I'm a young professional in finance who just moved to Dubai from the US not along ago. I was wondering if anyone knows of any interesting community service activities or organizations that I could join. I need to do something in my free time here other than going to the beach and bar-hopping (as fun as they are).
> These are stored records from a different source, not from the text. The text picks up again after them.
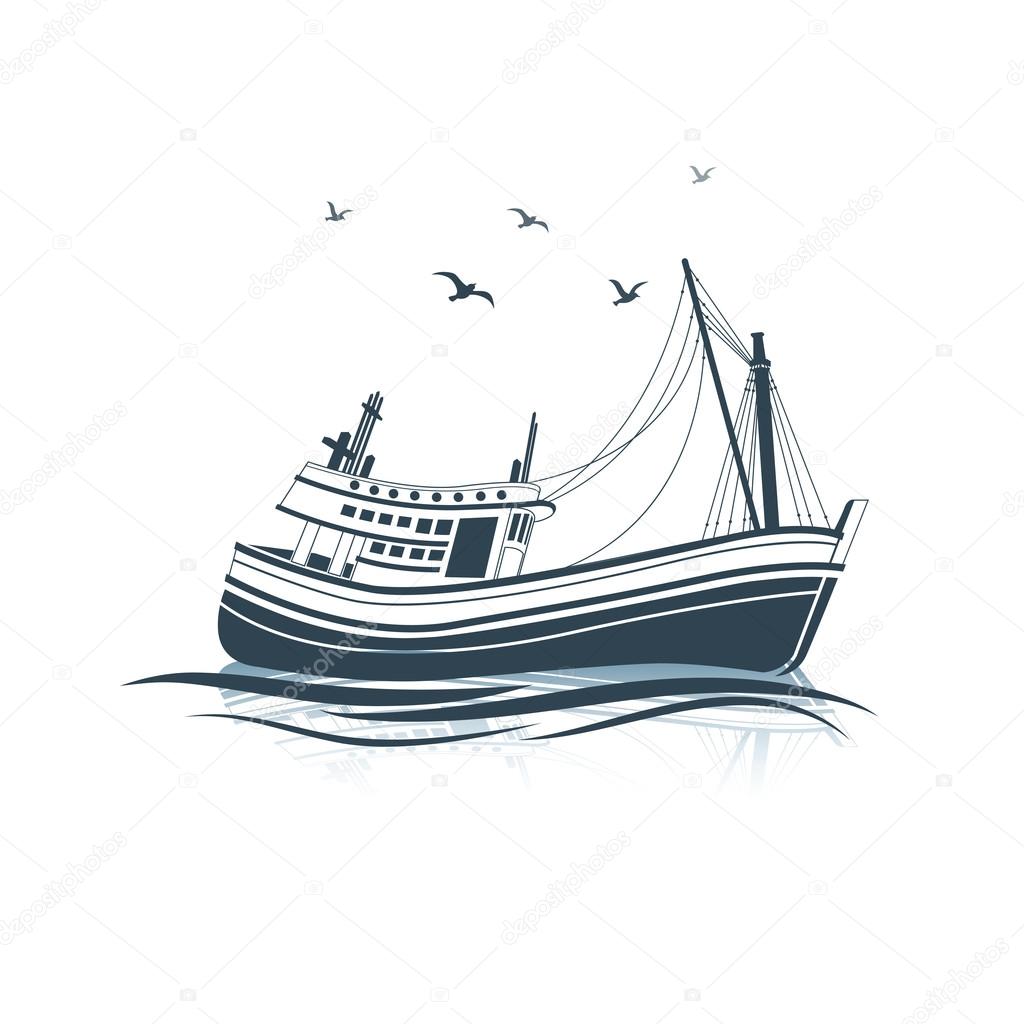 Download Fishing Boat vector — Stock Vector © 10comeback #115696970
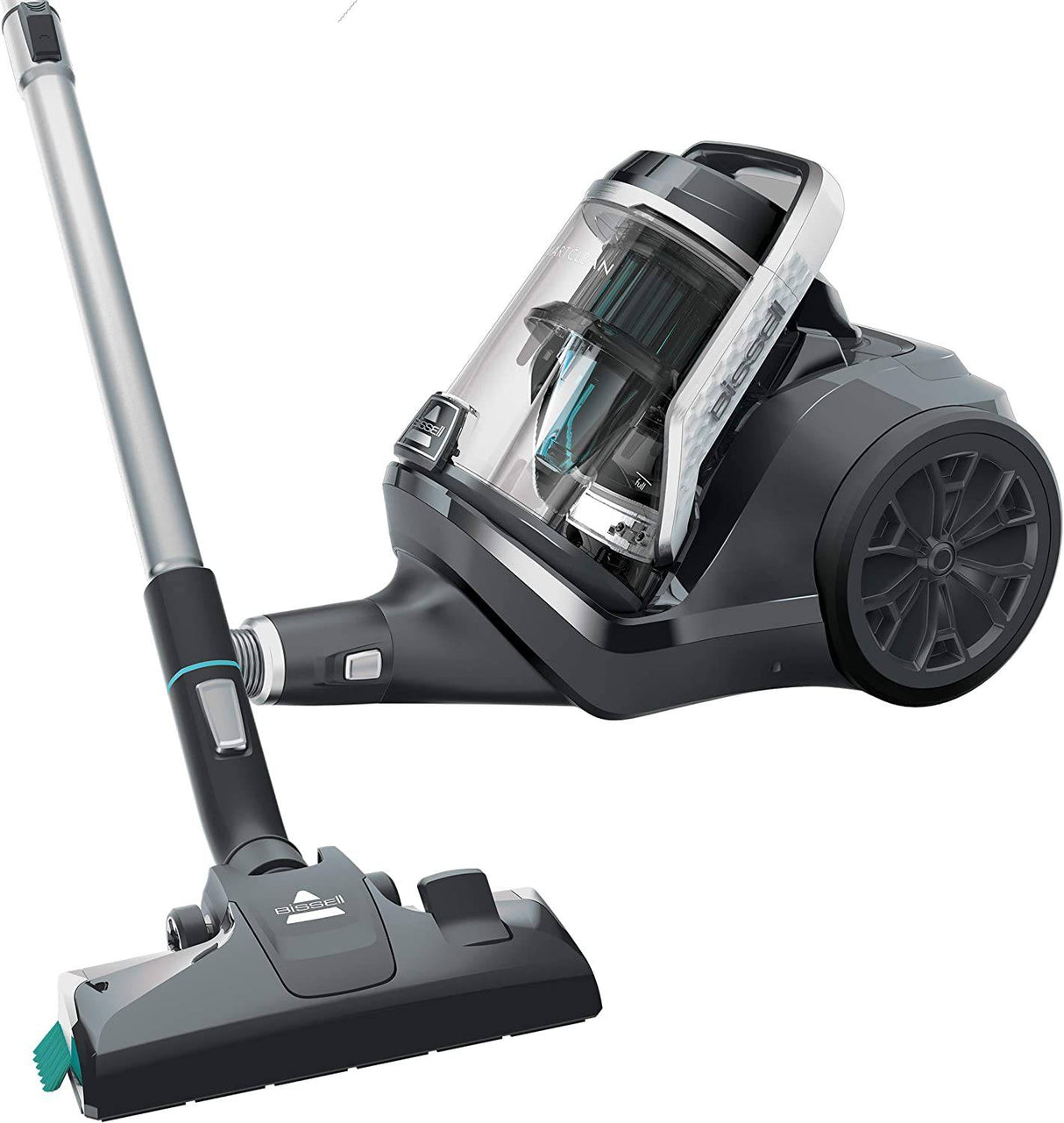 Aspiradora con recipiente SmartClean de BISSELL, 2268, negra con detalles en blanco perla/azul eléctrico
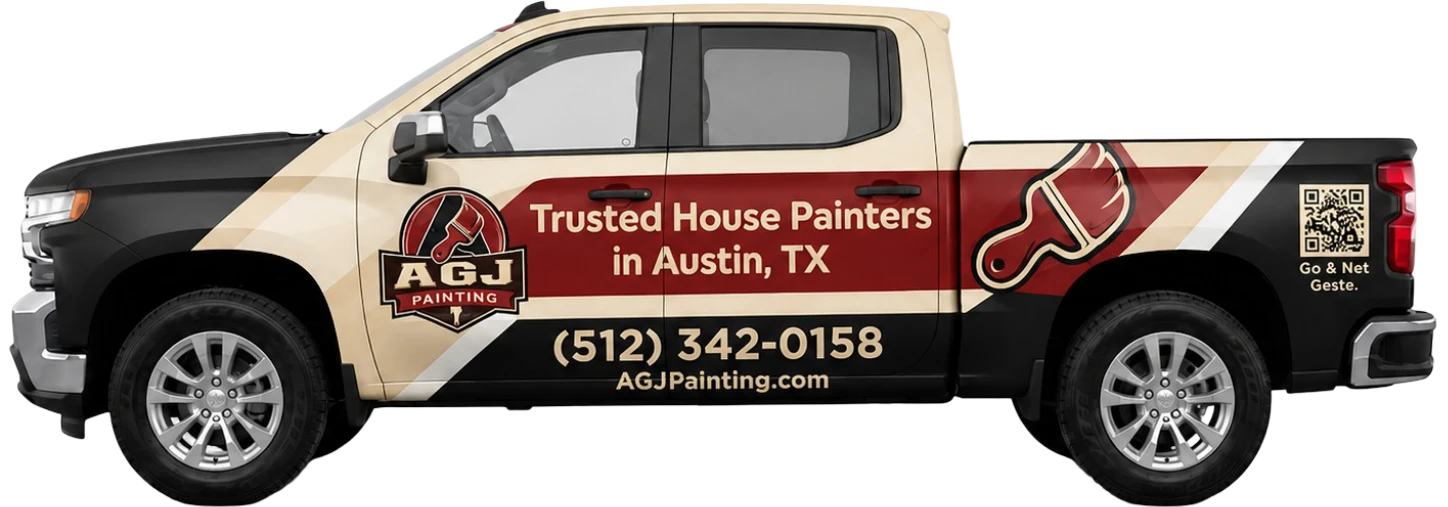 AGJ Painting branded truck serving the Austin area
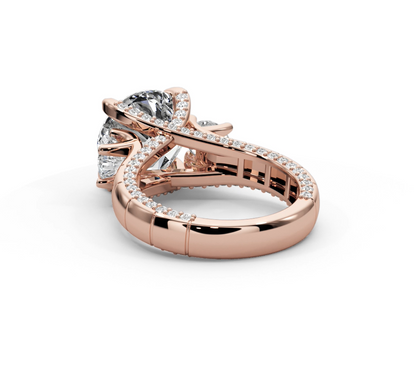 Round Cut 7.00 CT Lab Diamond Ring | F VS1 Center | 14K Gold | IGI Certified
In the past, I've mentored needy school students, given jobs skills training to war refugees and provided financial consulting for non-profit organizations. I would be open to anything similar (if it exists in this town) or something more entrepreneurial. Any advice or thoughts would really be appreciated.

Thanks,
LDP


----------



## sgilli3 (Mar 23, 2008)

Hi there,

Yes, there are plenty of places that would welcome your help.
Some ideas are here


Welcome to DubaiKidz.Biz

also try here:

http://www.dubaikidz.biz/charity.html


----------



## melanie0512 (Oct 30, 2010)

*Volunteer / Comm service in Dubai*

Hi LDP,

I was wondering if you did end up finding volunteer or community service opportunities in Dubai. If so, co you mind sharing what and where? I'm also interested in such activities.

Thanks,
MM




Young Professional said:


> Dear All,
> 
> I'm a young professional in finance who just moved to Dubai from the US not along ago. I was wondering if anyone knows of any interesting community service activities or organizations that I could join. I need to do something in my free time here other than going to the beach and bar-hopping (as fun as they are).
> 
> ...


----------



## Hassli (Feb 7, 2011)

sgilli3 said:


> Hi there,
> 
> Yes, there are plenty of places that would welcome your help.
> Some ideas are here
> ...






Where you can help... | DubaiKidz.biz


----------



## melanie0512 (Oct 30, 2010)

Hi,

The links don't seem to work. Any other suggestions?

Thanks in advance!


----------



## Maz25 (Jul 6, 2008)

There was a recent thread where one poster had posted opportunities to teach English to labourers. If you do a search, you can find the details and then contact the poster if you are interested in helping out.

Alternatively, try Volunteer in Dubai

I've also done some volunteer work with Dubai Cares. If you register with them, they normally send you an email whenever they have a new project and therefore need volunteers.


----------



## melanie0512 (Oct 30, 2010)

Thanks Maz25! I'll try that. I registered as a volunteer for Dubai Cares late last year but haven't received any mails from them since. Is there someone I can contact to follow up? Please could you let me know if something comes up. Thanks!


----------



## syousuf (May 28, 2011)

*Hi*



melanie0512 said:


> Thanks Maz25! I'll try that. I registered as a volunteer for Dubai Cares late last year but haven't received any mails from them since. Is there someone I can contact to follow up? Please could you let me know if something comes up. Thanks!


Hi,

Just wondering if you got any work related to community service here in Dubai. Would be glad if you can share with us here, as i looking for the same.


----------



## Alex7 (Mar 24, 2011)

Hey,


I also do volunteer work through Volunteer in Dubai. Like them on Facebook or regularly check out their Events page to get updated.


----------



## brown_guy (May 29, 2011)

thanks for sharing the links, i have already registered myself as volunteer on dubai cares & volunteer in dubai.


----------